Calculation of pH titration curves in Mathematica
Computer algebra systems are useful for solving chemical equilibria. Here, a simple example is presented: the titration of a dibasic acid with a strong base. The goal is to derive the pH titration curve and identify the equivalence points.
1 Chemical equilibria
A dibasic acid H_{2}Z dissociates in water in 2 steps:
\text{ H}_{2}\text{Z } + \text{ H}_{2}\text{O } \rightarrow \text{ H}_{3}O^{+} + \text{ HZ}^{-} \text{ HZ}^{-} + \text{ H}_{2}\text{O } \rightarrow \text{ H}_{3}O^{+} + \text{ Z}^{2 -}
During titration with a base like \text{NaOH}, the pH changes, and this can be modeled with a system of equations.
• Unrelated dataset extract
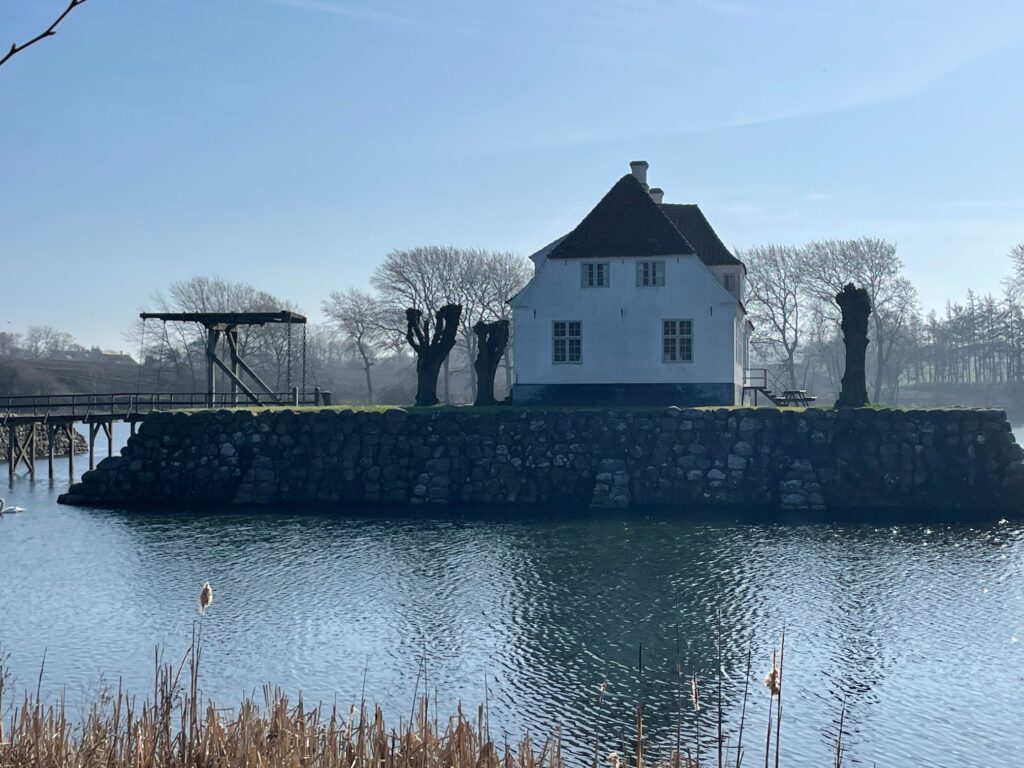 Søbygaard er en herregård bygget i 1580 som jagtslot af hertug Hans den yngre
To model equilibria, we need to write three types of equations:
Equations of charge balance to ensure that the total charge in the solution is zero. \underset{\text{ positive ions}}{\underbrace{\left\lbrack H^{+} \right\rbrack + \left\lbrack \text{Na}^{+} \right\rbrack}} = \underset{\text{ negative ions}}{\underbrace{\left\lbrack \text{OH}^{-} \right\rbrack + \left\lbrack \text{HZ}^{-} \right\rbrack + 2\left\lbrack Z^{2 -} \right\rbrack}}
So-called mass balance equations which impose conservation of matter (ions and atoms of each type). \left\lbrack H_{2}Z \right\rbrack + \left\lbrack \text{HZ}^{-} \right\rbrack + \left\lbrack Z^{2 -} \right\rbrack = C - \left\lbrack \text{Na}^{+} \right\rbrack \left\lbrack \text{Na}^{+} \right\rbrack = \left( C - \left\lbrack \text{Na}^{+} \right\rbrack \right) \cdot \tau As we add base, the concentration of the acid decreases and the concentration of the conjugate base increases. The parameter \tau represents the degree of titration - when \tau = 1, we’ve added exactly enough base to neutralize the 1st proton in all acid molecules, and when \tau = 2, we’ve neutralized both protons.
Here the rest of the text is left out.